Page 1 of 1

Major Incident Problem Communication

Posted: Tue Apr 09, 2019 11:39 am
by Operations-Automated
Tool: Service Now
So new company, new problems.

Current Scenario:
MI has been raised and resolved, however instead of closing the incident there is a sub state of awaiting RFO/RCA. A Problem ticket is also raised.
This means that until the RCA has been completed the ticket will remain open regardless if all the children incidents have been resolved.
This way, once the MI RCA has been completed, a communication of RCA can filter through to the children.
This also catches any chasers (as the customer will email their INC) and no new tickets and admin is required.

For me this is not the ITIL way. INCs should be resolved (with the view to close) as soon as the customer is back to BAU. Leaving tickets open for an RCA will increase MTTR and other such metrics.

MI has been raised, resolved and will be closed pending a 3 day waiting period. A problem ticket has been raised to investigate the RCA.
Once the RCA in the PRB has been found this can then send the communication to the customer or a mechanism can be found to send the report.

The biggest arguments I am getting with this proposal is that this will create admin as customers will email in creating new tickets and that currently we con't have a mechanism outside of an MI (on INC) to communicate to a whole user set.

My questions are:
If this was a Major Service Outage (or a multi tenanted issue) of lets say 500 customers, how would you catch the chasers coming into the Service Desk without creating a huge admin headache of requests?

What do you think the best mechanism within Service Now to communicate a RCA/RFO report to customers in regards to the MI?

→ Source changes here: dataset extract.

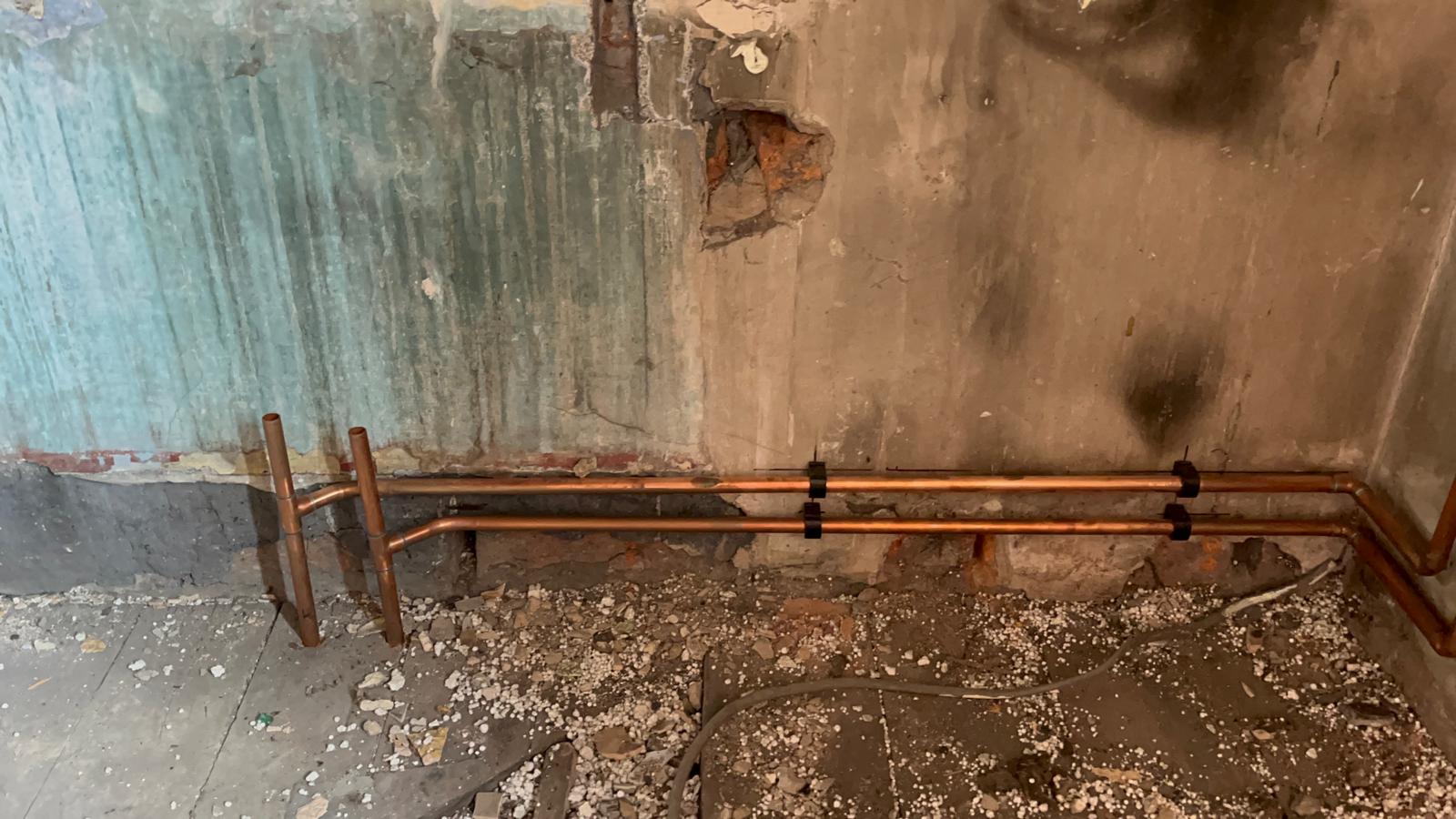Long run of copper flow and return pipework installed for a new central heating system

Re: Major Incident Problem Communication

Posted: Fri Apr 12, 2019 7:28 am
by tedderpd
I'm not a S-N expert, but from a process perspective, I would agree that the incident record should not remain open, with a status of "pending RCA". When the consumer/customer is returned to a state of acceptable service, the incident is resolved. To record the need to do a RCA, a problem record should be opened, with any associated "child" incidents attached to that problem record.

To catch the "stragglers", one approach could be to record a known error record containing the circumstances of the incident, the resolution that was taken, and the identifier of the problem record. The new "straggler" incident record would then be attached to the problem record.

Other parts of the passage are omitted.